The problem is that most leftists have a muddled analysis of the problem. They get part of it right, but also part of it wrong. They grasp that the government-business partnership -- corporatism or mercantilism, what they call (with justification) capitalism -- is at fault, but they go wrong in thinking that the solution lies in government not in partnership with business but with the vulnerable. For the Left the only problem is business and the things they identify with it: property rights, free exchange, the pursuit of profit, and the laws of economics. So while they have a pretty good grasp of the evils of corporatism, they don't grasp the essence of the state, which is legal plunder, violence, and exploitation. The vulnerable haven't done very well under regimes that claimed to champion them. Nor do most leftists see that fundamentally benign things -- property, free exchange, the pursuit of profit, and the laws of economics -- are turned against regular people the moment the state gets involved with them.

The Right historically has identified with the powerful, the comfortable, and the well-connected, and has belittled the plight of the vulnerable. In a commercial society this has meant support for big business. In the Right's defense of property, it has been a matter of indifference that many fortunes were amassed through the political means. (When has a rightist supported land reform in an undeveloped country?) This has given a bad name to legitimate property rights.
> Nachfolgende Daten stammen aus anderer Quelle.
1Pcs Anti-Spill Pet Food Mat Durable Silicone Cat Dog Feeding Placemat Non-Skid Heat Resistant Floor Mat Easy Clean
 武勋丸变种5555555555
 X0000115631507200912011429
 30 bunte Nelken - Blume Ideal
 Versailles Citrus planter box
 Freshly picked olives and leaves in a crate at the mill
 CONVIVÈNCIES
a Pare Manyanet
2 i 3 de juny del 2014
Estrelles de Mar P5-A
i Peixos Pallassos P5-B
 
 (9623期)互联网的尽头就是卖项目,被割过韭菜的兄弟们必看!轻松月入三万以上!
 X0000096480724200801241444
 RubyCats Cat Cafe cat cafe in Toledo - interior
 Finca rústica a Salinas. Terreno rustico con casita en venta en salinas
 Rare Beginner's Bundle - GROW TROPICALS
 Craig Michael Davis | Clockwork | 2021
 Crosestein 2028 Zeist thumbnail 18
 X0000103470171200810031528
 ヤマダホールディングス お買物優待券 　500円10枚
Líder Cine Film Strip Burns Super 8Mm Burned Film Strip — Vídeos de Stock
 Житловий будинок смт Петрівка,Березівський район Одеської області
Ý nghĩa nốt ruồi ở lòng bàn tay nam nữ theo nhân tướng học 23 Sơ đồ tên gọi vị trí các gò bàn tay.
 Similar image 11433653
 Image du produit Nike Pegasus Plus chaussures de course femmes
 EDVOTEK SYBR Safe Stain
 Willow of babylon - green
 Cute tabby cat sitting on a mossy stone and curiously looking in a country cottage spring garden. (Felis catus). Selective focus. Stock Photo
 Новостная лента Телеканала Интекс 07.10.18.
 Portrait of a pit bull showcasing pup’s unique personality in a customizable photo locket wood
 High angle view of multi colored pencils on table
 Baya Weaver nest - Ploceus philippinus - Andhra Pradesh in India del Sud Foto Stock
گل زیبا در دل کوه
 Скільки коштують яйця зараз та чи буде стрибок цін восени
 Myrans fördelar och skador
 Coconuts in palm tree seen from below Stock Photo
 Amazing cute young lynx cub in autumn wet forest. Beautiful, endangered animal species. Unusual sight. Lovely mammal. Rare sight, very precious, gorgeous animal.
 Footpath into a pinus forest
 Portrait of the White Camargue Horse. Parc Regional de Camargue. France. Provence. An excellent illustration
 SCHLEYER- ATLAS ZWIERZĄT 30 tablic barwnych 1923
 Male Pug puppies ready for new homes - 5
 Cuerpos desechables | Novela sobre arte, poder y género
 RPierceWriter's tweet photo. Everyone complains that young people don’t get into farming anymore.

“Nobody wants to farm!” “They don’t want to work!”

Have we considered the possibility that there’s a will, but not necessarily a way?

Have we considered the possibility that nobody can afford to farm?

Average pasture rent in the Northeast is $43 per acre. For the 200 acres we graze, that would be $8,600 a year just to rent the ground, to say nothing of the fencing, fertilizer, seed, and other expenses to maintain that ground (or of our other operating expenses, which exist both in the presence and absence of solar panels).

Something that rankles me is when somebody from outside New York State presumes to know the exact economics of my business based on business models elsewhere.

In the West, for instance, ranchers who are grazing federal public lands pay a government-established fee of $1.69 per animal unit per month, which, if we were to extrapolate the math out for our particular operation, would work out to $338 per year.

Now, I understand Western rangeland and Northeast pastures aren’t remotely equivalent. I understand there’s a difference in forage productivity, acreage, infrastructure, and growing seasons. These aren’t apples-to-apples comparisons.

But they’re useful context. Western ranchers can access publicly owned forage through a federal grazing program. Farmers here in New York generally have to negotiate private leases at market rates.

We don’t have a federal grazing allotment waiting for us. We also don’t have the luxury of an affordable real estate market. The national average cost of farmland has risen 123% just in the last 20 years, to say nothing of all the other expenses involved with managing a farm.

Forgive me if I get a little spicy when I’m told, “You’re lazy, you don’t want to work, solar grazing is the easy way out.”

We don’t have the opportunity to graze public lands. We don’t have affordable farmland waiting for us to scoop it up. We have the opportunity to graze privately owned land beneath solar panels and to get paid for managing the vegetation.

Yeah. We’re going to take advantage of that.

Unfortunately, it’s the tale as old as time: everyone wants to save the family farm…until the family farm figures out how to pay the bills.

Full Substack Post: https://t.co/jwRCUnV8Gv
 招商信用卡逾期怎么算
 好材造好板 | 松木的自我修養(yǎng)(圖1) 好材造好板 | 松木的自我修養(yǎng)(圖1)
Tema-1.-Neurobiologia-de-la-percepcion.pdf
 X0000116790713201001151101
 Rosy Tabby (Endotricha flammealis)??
Rightists may formally oppose subsidies to business, but they spend far more time opposing welfare for low-income people than corporate welfare. The disparity is striking -- and revealing. They defend major corporations as though they were market actors, forgetting that the business regulations and taxes they complain about function as privileges for big business against small firms and self-proprietorships.

Left-libertarians share the leftists' concern for the vulnerable and wish not to be mistaken for rightists, but go one better by correctly identifying the source of the vulnerability -- corporatism -- and the solution: an unfettered competitive market void of any sort of privilege.